Usually when relating to films in Hollywood, a sequel is often times a step in the wrong direction with more hype and less ability to perform. Thankfully, when mixing with a master of production like Madlib and the gravely-voiced rhymer Freddie Gibbs, ascension is the only way up.
Their second collaborative effort inscribed Bandana is a continuation of this legendary team-up. The two are so concurrent in their careers and still have influence through just their merit alone. As the Carl Weathers and Arnold Schwarzenegger-esque performances begin to flex their muscle through their musical background, Bandana becomes a clear indication of how the chemistry between rhymer and producer is more essential than ever.
Madlib created one of the greatest records of all time with Madvillainy, then to see him harnessing different energies to fit the more rugged and cutthroat styles of Freddie Gibbs is incredible. He is an adaptable combatant that challenges Gibbs just as much as he lifts him up with his production. The beat switches are constant, creating different tempos that attack Gibbs and almost create a game of mental sparring.
Gibbs instead rides the beats as if he was a cowboy with two six-shooters and a heavy hand of iron. He stands tall against the dynamic music and is able to form a tight grasp that blasts bullet holes through the production. Each face-off here is a balance of talent and tension where tracks “Fake Names” or “Giannis” has a dynamite bass and boom-bap styles.
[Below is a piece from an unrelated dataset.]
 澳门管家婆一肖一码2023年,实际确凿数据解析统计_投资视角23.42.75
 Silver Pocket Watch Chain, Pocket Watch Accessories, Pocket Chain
Gibbs uses his modern vocal approach to formation, almost as if he was a rap chameleon that changes shapes and colors to fit better into Madlib’s production.
The features from Pusha T, Killer Mike, Black Thought, Yasiin Bey, and Anderson .Paak are all these necessary additions that sometimes can be as much as a sprawling verse or a simple hook or chorus. In Anderson .Paak’s performance, his feature sticks out as his vocal style mixes so well with “Giannis” production and is an absolute treasure on the track. His soulful voice conflicts with Gibbs and illustrates a real dichotomy in vocal stance.
Not many of the tracks on Bandana are going to turn the club up, instead, Freddie Gibbs and Madlib are these urban cowboys that create an emotional attachment to being an outlaw. Each track sculpts them higher and higher until they seem to be rhyming and creating on the clouds, no longer the gunslingers that started in the mud.